Dabei kam dem Studenten der Universität Leiden eine Idee mit Start-up-Potenzial. Die Inspiration dafür fand der Niederländer bei den Landwirten in seiner Heimatregion Randstad. Eines Tages führte ihn ein Bauer in den Hühnerstall und erklärte: „Für jede Henne, die hier herumläuft, musste ein Hahn sterben. Das finde ich schrecklich.“
Weltweit werden jedes Jahr rund 6,5 Milliarden männliche Eintagsküken getötet. Eierproduzenten, die auch Legehennen züchten, haben bisher keine schnelle, kostengünstige Lösung gefunden, um noch vor dem Schlüpfen das Geschlecht der Küken zu bestimmen.
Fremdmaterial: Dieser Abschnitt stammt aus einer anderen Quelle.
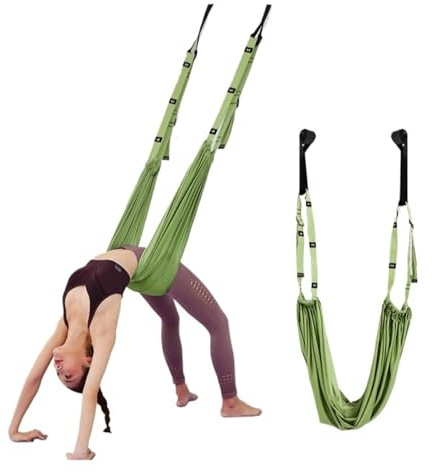 Hamaca De Yoga Aéreo Correa de Yoga aérea ajustable, hamaca, columpio, correa de estiramiento, inversión antigravedad, cinturones de hamaca de Yoga, dispositivo de entrenamiento de gimnasia(Green)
Nach dem Schlüpfen dürfen nur die weiblichen Küken bleiben. Die Männchen landen entweder im Schredder oder werden vergast.
„Für meine Masterarbeit habe ich mit vielen Leuten gesprochen und mir viele Probleme angehört. Und dann habe ich beschlossen, nach einer Alternative für das Kükentöten zu suchen“, so Bruins. „Bei dem Thema kommen technologische, wirtschaftliche und ethische Aspekte zusammen. So, wie es bisher läuft, ist es nicht ok. Das sagt einem schon das Bauchgefühl.“
Zu Hause in Leiden machte sich Bruins an die Arbeit. Zusammen mit dem Biomedizin-Studenten Wil Stutterheim gründete er In Ovo. Zwölf Jahre lang tüftelten die beiden an einer schnellen, günstigen Lösung, mit der Landwirte das Geschlecht von Küken im befruchteten Ei bestimmen können.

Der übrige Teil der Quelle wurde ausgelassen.